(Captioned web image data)
■ ■ ■
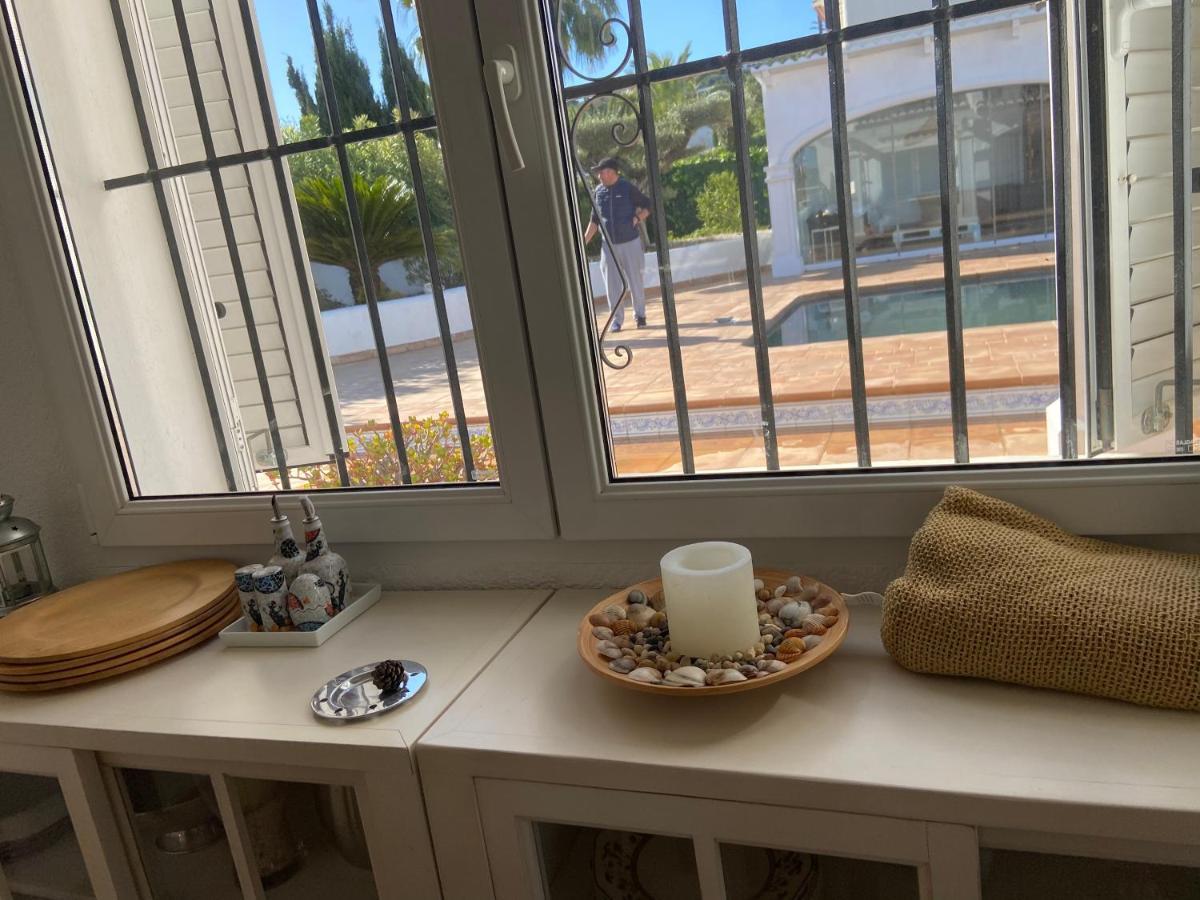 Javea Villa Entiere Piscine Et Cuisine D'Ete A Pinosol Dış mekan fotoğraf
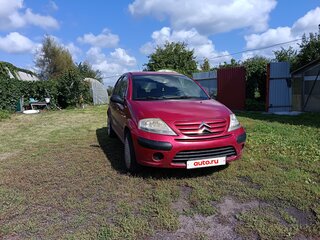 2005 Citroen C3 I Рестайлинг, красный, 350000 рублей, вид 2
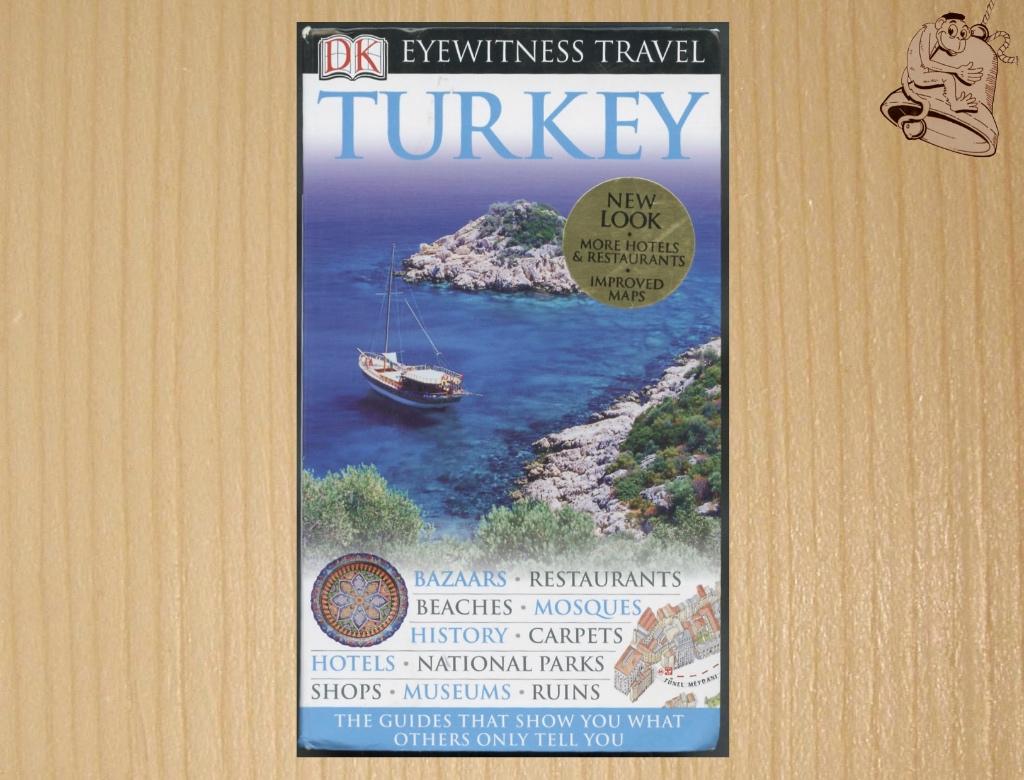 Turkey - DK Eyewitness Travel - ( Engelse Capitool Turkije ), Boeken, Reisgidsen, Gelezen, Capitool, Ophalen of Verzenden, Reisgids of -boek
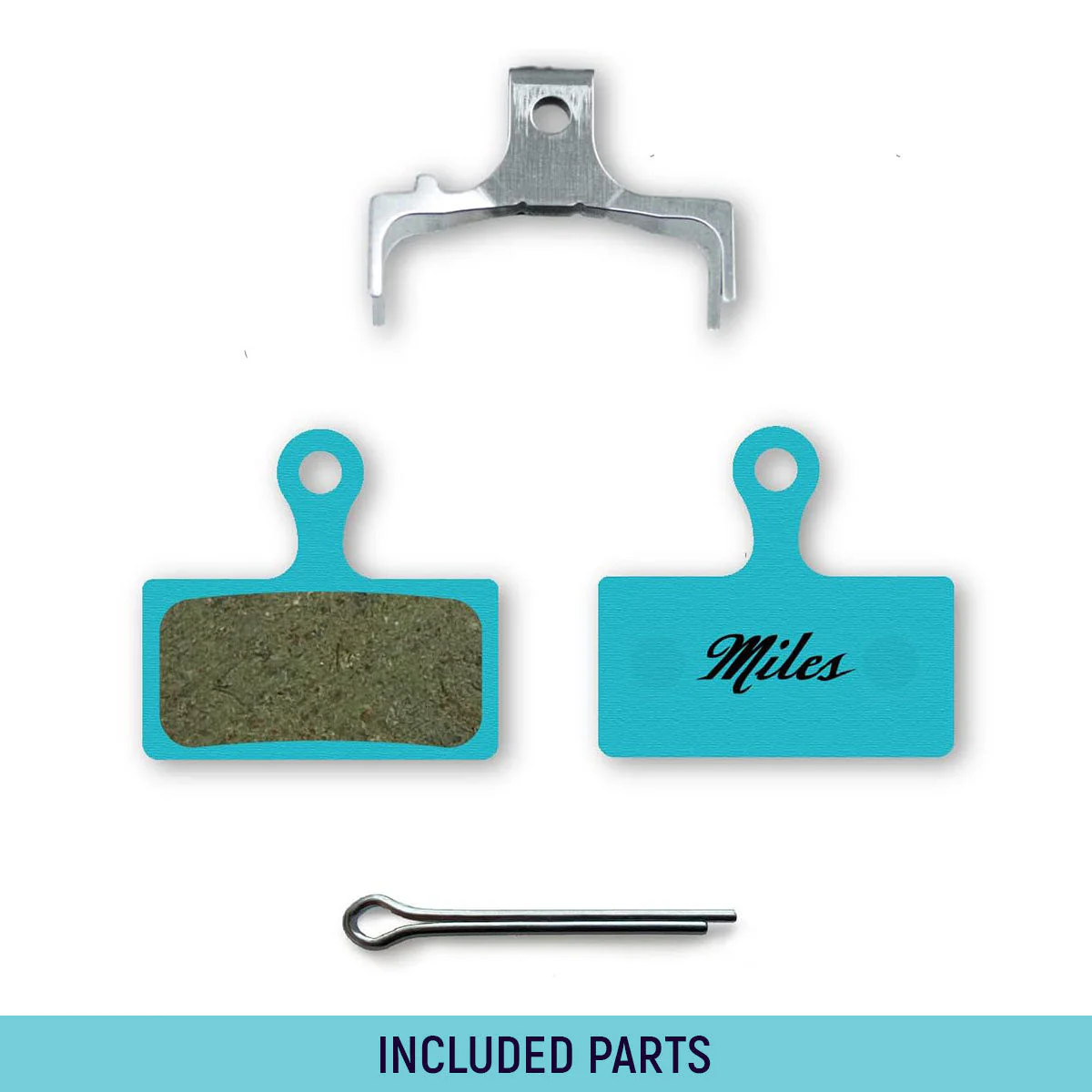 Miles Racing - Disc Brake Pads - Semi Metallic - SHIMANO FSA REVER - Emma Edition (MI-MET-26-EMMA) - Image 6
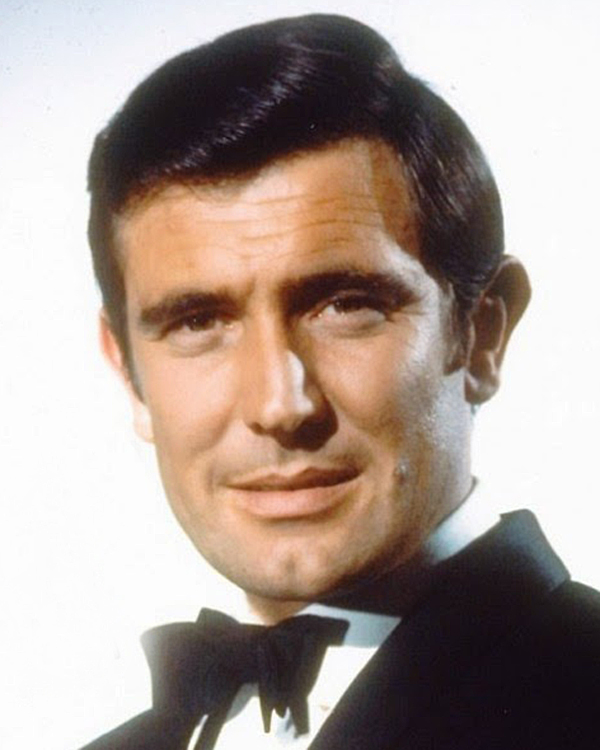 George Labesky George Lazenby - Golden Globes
■ ■ ■
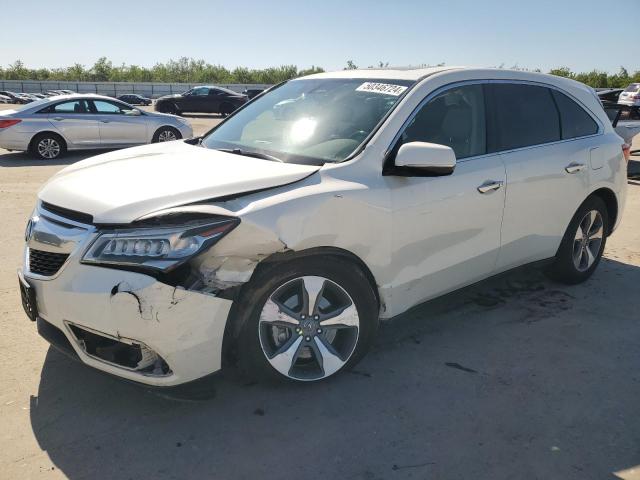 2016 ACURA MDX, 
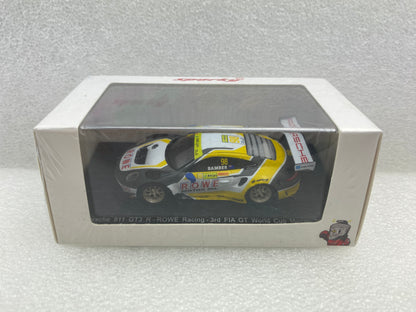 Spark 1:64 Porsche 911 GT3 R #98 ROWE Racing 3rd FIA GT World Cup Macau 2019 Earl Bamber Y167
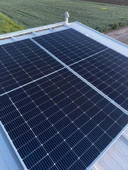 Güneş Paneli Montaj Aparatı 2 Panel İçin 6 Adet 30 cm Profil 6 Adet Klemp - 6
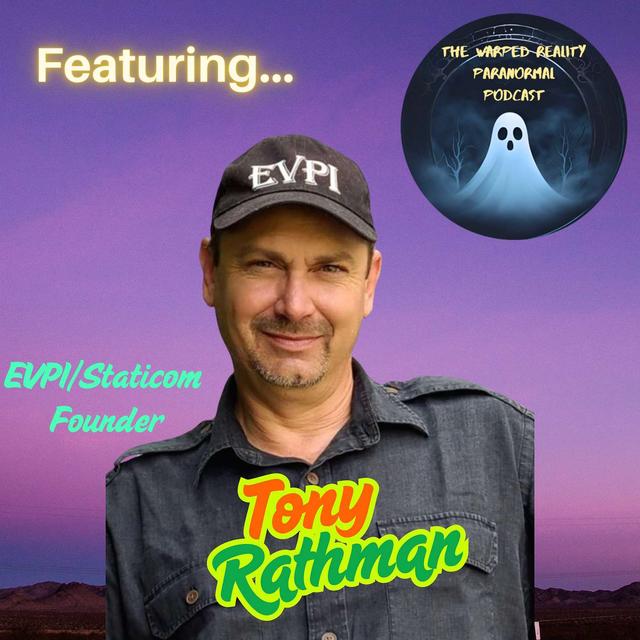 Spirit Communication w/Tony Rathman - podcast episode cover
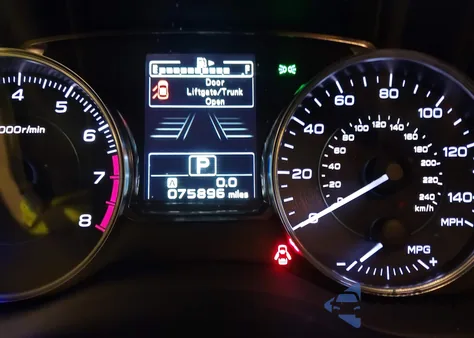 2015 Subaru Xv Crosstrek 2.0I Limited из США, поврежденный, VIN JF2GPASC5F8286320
■ ■ ■
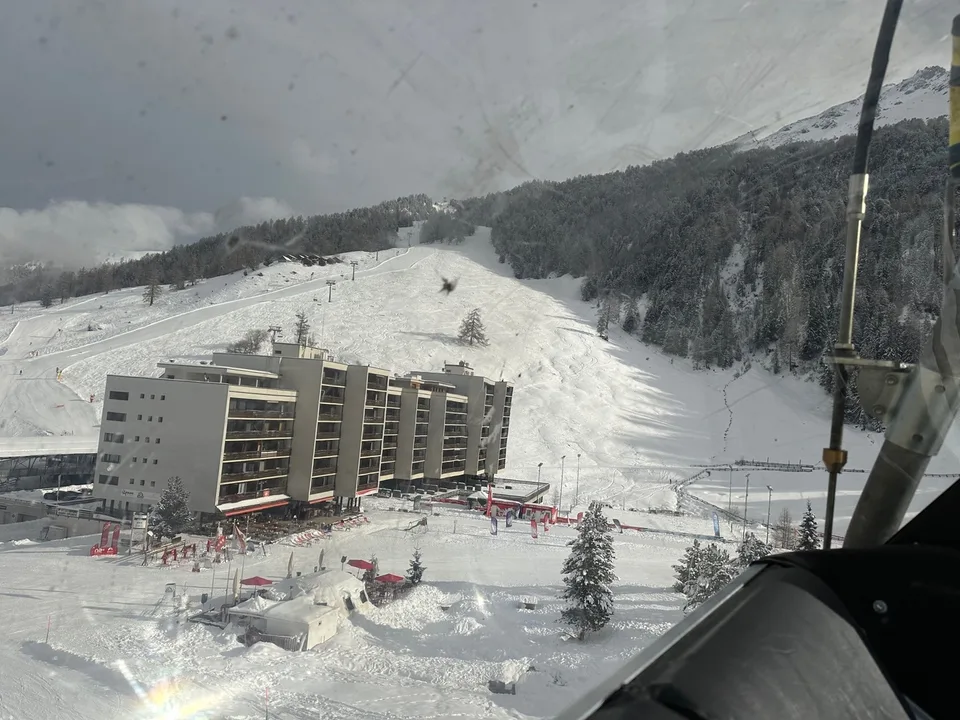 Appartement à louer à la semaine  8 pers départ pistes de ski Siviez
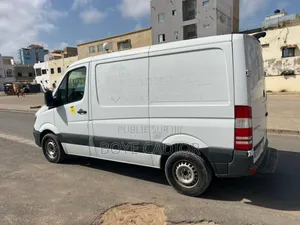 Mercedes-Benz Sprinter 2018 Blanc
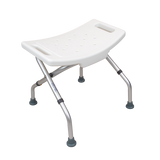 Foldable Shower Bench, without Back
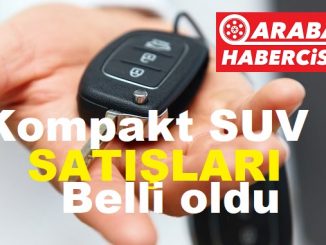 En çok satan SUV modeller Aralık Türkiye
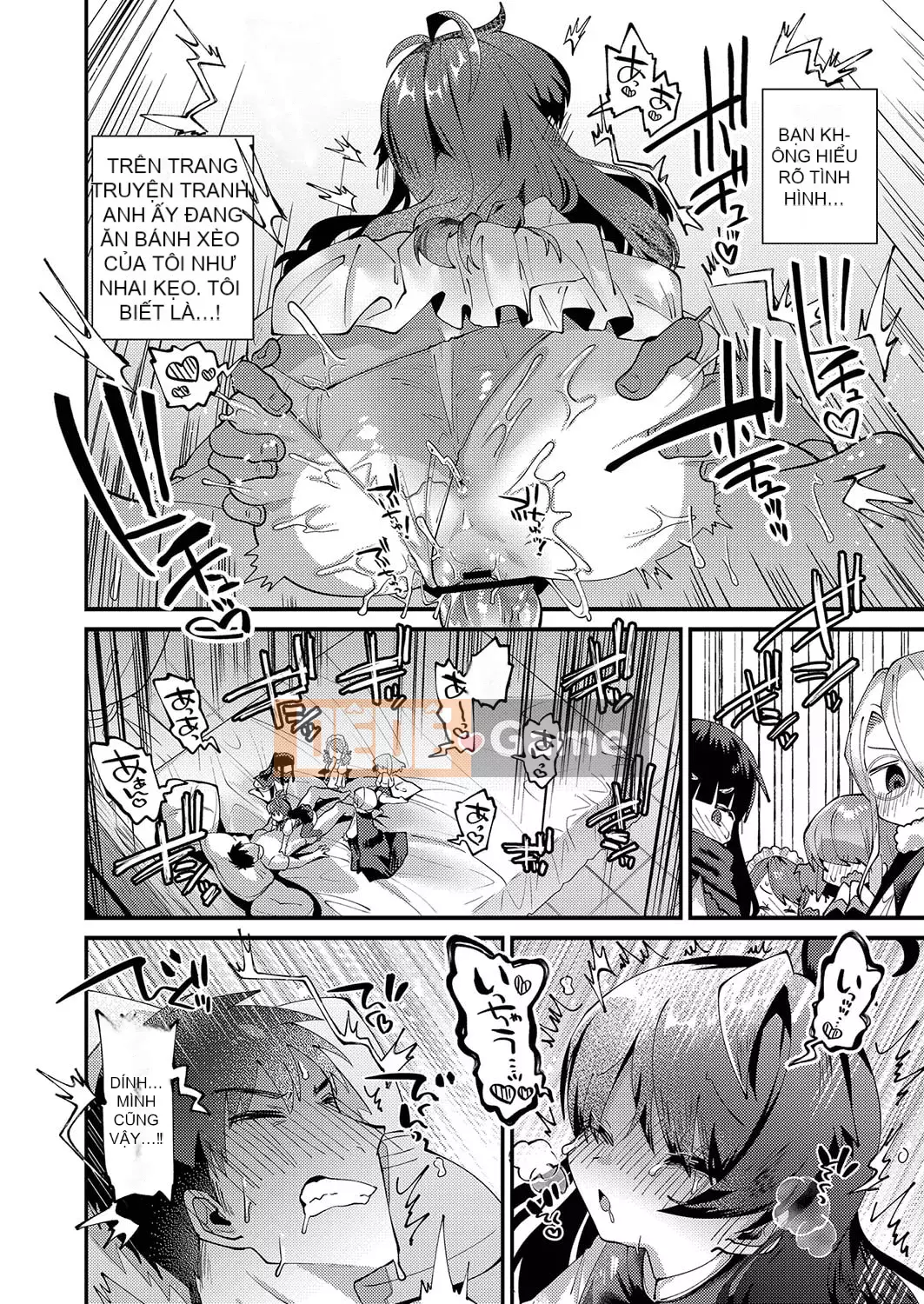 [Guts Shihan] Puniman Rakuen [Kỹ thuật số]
■ ■ ■
__Assignment__:
Set the pictures aside and reproduce exactly the lines above, from the line holding "Javea Villa Entiere" through the line holding "2005 Citroen C3", both included, with nothing else.

__Finished exercise__:
 Javea Villa Entiere Piscine Et Cuisine D'Ete A Pinosol Dış mekan fotoğraf
 2005 Citroen C3 I Рестайлинг, красный, 350000 рублей, вид 2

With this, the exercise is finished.